O'Connell, center, and her colleagues Mary Softing, left, and Shanna Bach, were left to take care of the plants at LP-A Elementary School without students last spring, due to COVID-19. They held a plant sale that raised $1,000 for future greenhouse programming. (Submitted Photo)
O'Connell, center, and her colleagues Mary Softing, left, and Shanna Bach, were left to take care of the plants at LP-A Elementary School without students last spring, due to COVID-19. They held a plant sale that raised $1,000 for future greenhouse programming. (Submitted Photo)

Craig Bahr, the principal at LP-A Elementary, described O’Connell’s teaching style as “student-centered,” “high quality” and “always relevant to the situation or the times.”
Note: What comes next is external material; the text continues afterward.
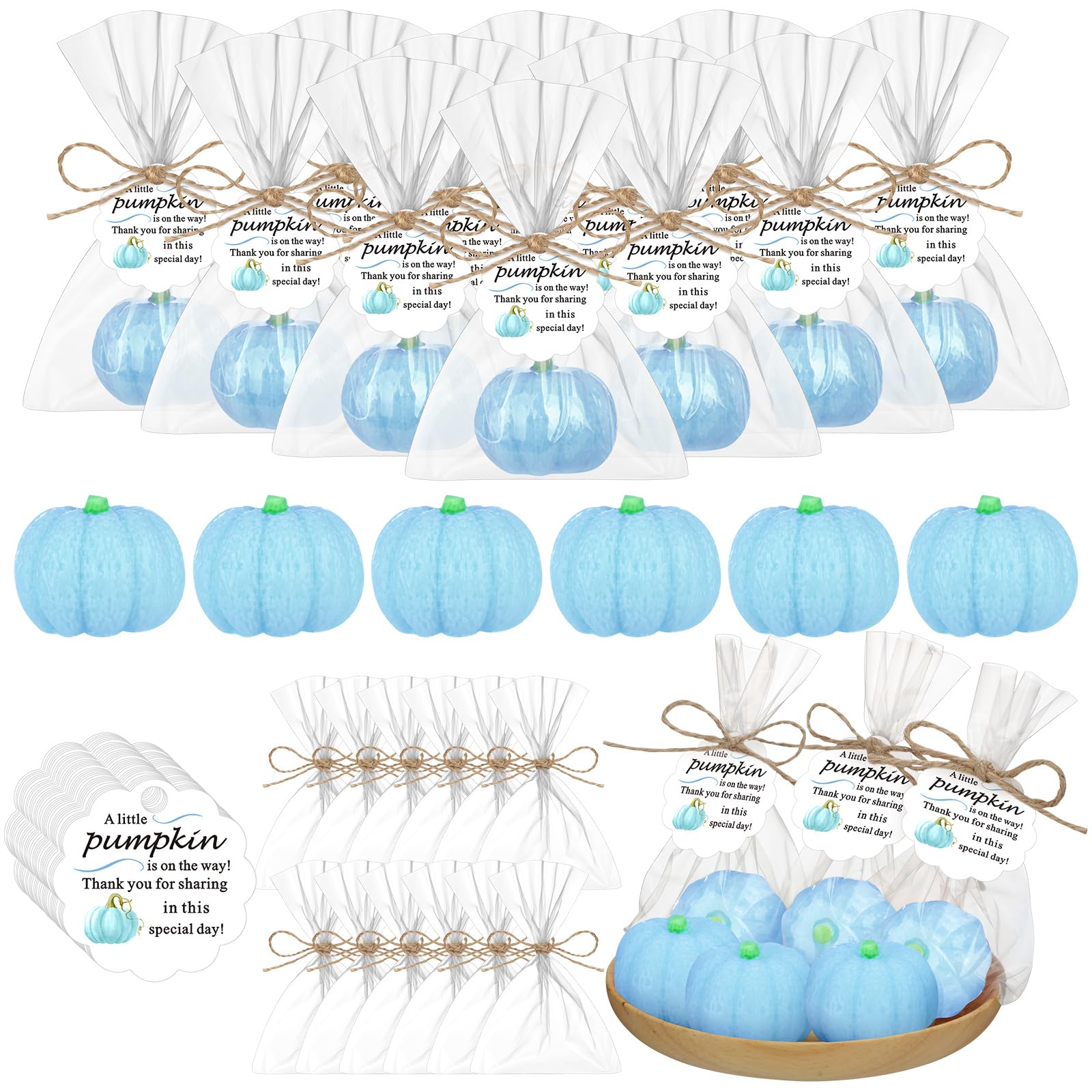 Photo 1 of Demissle 20 Sets Pumpkin Baby Shower Favors Mini Pumpkin Soap Thanks Cards Gift Bags with String for Fall Thanksgiving Bridal Shower Wedding Autumn Party Decorations Guest Gifts (Blue)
“Dr. O’Connell just created a classroom that, whether you’re an adult or a student, it felt like a privilege to be in the room,” Bahr said. “She always just chose such engaging activities.. It was great instruction and a great place to be… Schoolwide, she did so much.”

A “go-getter” type of person with high empathy, he added, O’Connell “would always do things to the best of her ability. She was just a model for us as a lifelong learner, for both students and adults.”

Born and raised in Lake Park, O’Connell has a deep and unique connection to the LP-A Elementary School — and to the sixth grade, in particular. She and her twin brother, she explained, both attended LP-A Elementary, and were taught by their own grandmother, who was the sixth grade teacher there at the time.

Ending up back in her hometown as an adult, at her old elementary school, teaching the same class that her grandmother once taught, has been “very, very special to me,” O’Connell said. She was hired 50 years — to the day — after her grandmother was hired.

O’Connell’s path back to her old sixth grade classroom was a winding one. After graduating from LP-A High School, she and her husband, David, moved around quite a bit for his military job. She taught in Spain and New York, to kids in preschool through third grade, and also taught English language learners — a role she continued at LP-A.

She and David have three sons, one of whom is in college and the other two who attend LP-A High School. The family lives in Lake Park.

O’Connell will be formally honored as an Educator of Excellence at the Minnesota Rural Education Association’s annual conference and awards banquet on Sunday, Nov. 15, which will be live streamed at www.mreavoice.org/mreacon.

She was chosen for the honor from a pool of nominees from four geographic zones in Minnesota, based on her impact, innovation, leadership and collaboration. The other three honorees this year are Jacqueline Stoffel of Bemidji, Chad Powers of New London-Spicer, and Andrew Hopkins of Waseca.